Michel Lepesant : Nous n’éviterons pas un monde à + 1,5 °C (entre 2030 et 2040), explique le GIEC. La réponse politique consiste à cesser de faire de la croissance du produit intérieur brut (PIB) notre boussole. Cet indicateur est devenu une idéologie au service du monde de la croissance. Or tout gain de croissance est corrélé à une dégradation de l’empreinte écologique (EE). Pire, le « jour du dépassement » en 2021 a eu lieu le 29 juillet. Il n’est donc pas devant nous, mais derrière nous. Désormais chaque humain doit se sentir responsable et s’efforcer de repasser sous ce seuil : c’est cela qui s’appelle la « décroissance ». Il s’agit bien d’une crise économique. Une récession correspond au recul du PIB pendant au moins deux trimestres consécutifs. Quand une récession est grave et durable , elle devient une dépression. Quelle devra être la durée de ce recul ? Le temps de revenir à une EE soutenable. En France, l’EE est de 1,8 planètes par rapport à la biocapacité française et de 2,9 par rapport à la biocapacité mondial. Avec un taux de décroissance de 10 % par an, il faudra près de 40 trimestres de récession si on part d’une EE de 2,9. Pas grave, ce sera une vie où chacun pourra préférer les dimensions du commun, de la coopération, de la convivialité, de la sérénité plutôt que de fétichiser l’individualisme, la concurrence, la rivalité, l’agitation…

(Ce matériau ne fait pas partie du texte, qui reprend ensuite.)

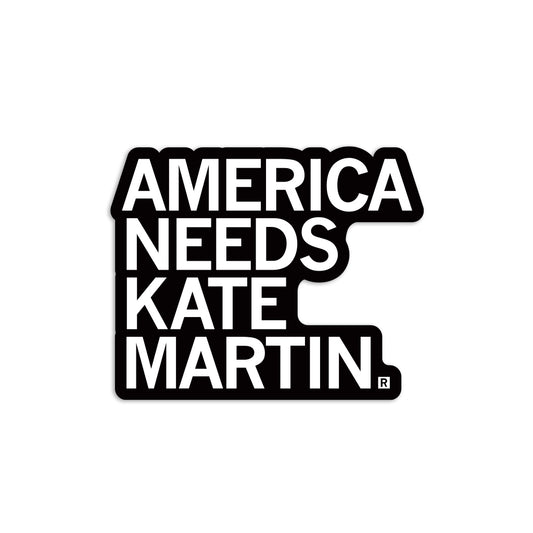 Vinyl sticker with the text AMERICA NEEDS KATE MARTIN in white block letters on a black background, in the signature style of RAYGUN.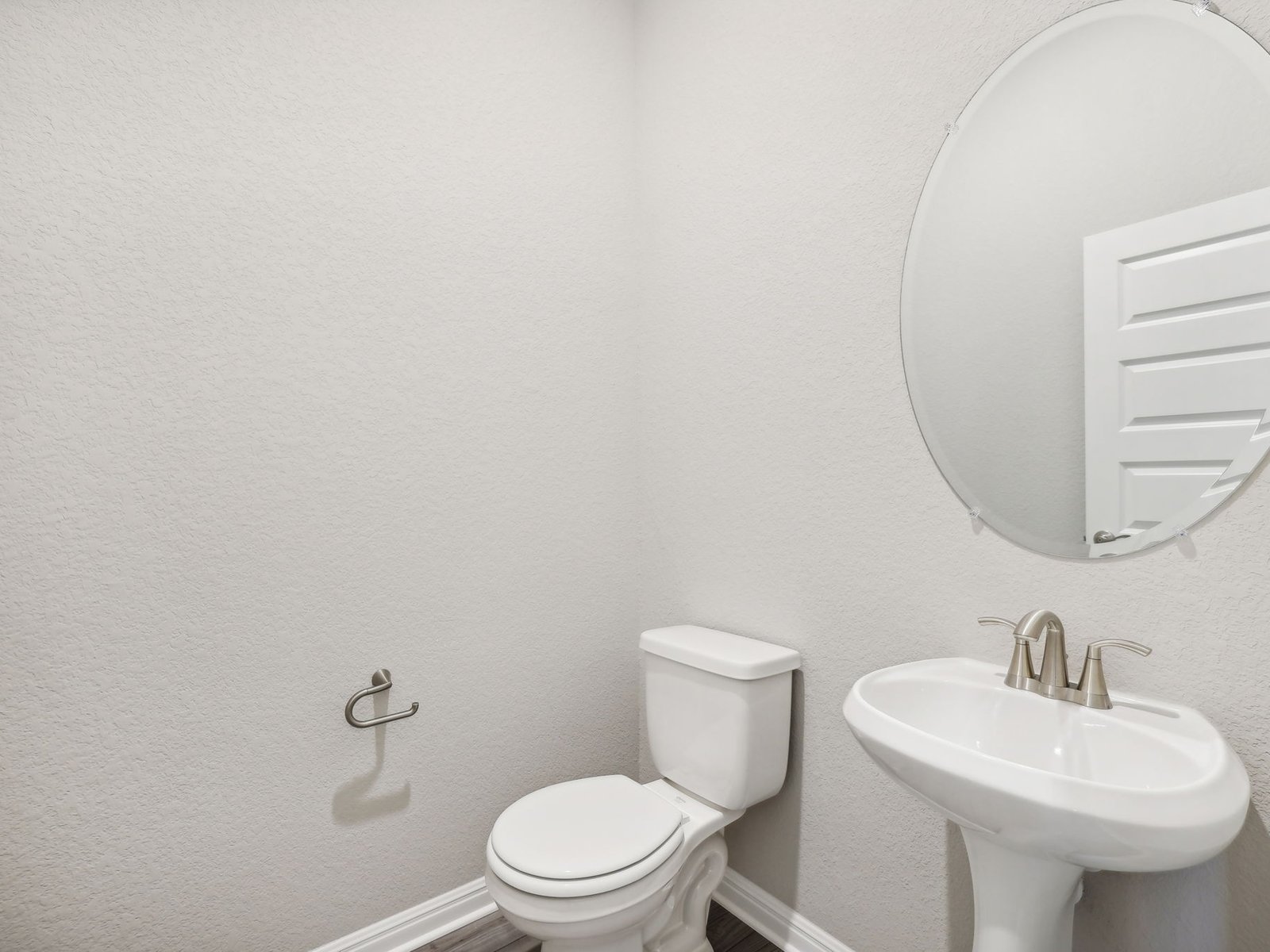 1812 South Main Street Kyle, TX 78640 - Photo 7 of 13 a bathroom with a sink a toilet and a mirror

François Jarrige : Chaque société a ses tabous comme le mot « décroissance », sans cesse disqualifié depuis vingt ans. Anxiogène, peu mobilisateur, négatif, punitif, tous les qualificatifs pour le discréditer ne peuvent résister au constat implacable selon lequel l’accumulation matérielle atteint ses limites et nous pousse vers l’abîme. Les grands médias s’intéressent aujourd’hui à la décroissance après des décennies de déni. Ils y sont évidemment poussés par la force des choses, alors que les pires prévisions, répétées depuis des décennies par ceux qui se disaient « décroissants », ne cessent de se confirmer, alors que s’impose l’urgence d’une réduction massive des émissions de CO2, c’est-à-dire de la plupart des flux de matières qui constituent le fondement de nos existences. Longtemps, l’idée même de croissance économique n’avait aucun sens. Jusqu’au XIXe siècle, les sociétés vivaient dans un monde relativement stable, gérant la pénurie et des ressources contraintes. Mais l’accumulation matérielle s’intensifie au milieu du XXe siècle. Sa mesure par le PIB est inventée par Simon Kuznets en 1934. La théorie économique se développe ensuite en laissant de côté les effets délétères sur la nature, les « externalités négatives ». La remise en question de la croissance s’intensifie surtout dans les années 1970, à la suite des chocs pétroliers, des crises énergétiques et des alertes écologistes formulées dans un contexte de vives conflictualités sociales. En 1972, le rapport Meadows sur les « limites à la croissance » suscite d’abondants débats. Nicholas Georgescu-Roegen propose un nouveau paradigme, une « perspective bioéconomique » qui vise à réduire l’empreinte matérielle. Le concept de « décroissance » a été inventé par le philosophe Jacques Grinevald pour contrer les opérations idéologiques de « greenwashing ». La « décroissance » est devenue un « mot-obus », une stratégie disruptive qui porte l’attaque au cœur du système idéologique dominant. Le terme circule de plus en plus dans divers pays… Alors que les plans de relance continuent de célébrer la croissance comme seul horizon, il s’agit de rompre avec cette évidence pour rouvrir le champ des possibles, et imaginer d’autres façons de vivre dans un monde « post-croissance ».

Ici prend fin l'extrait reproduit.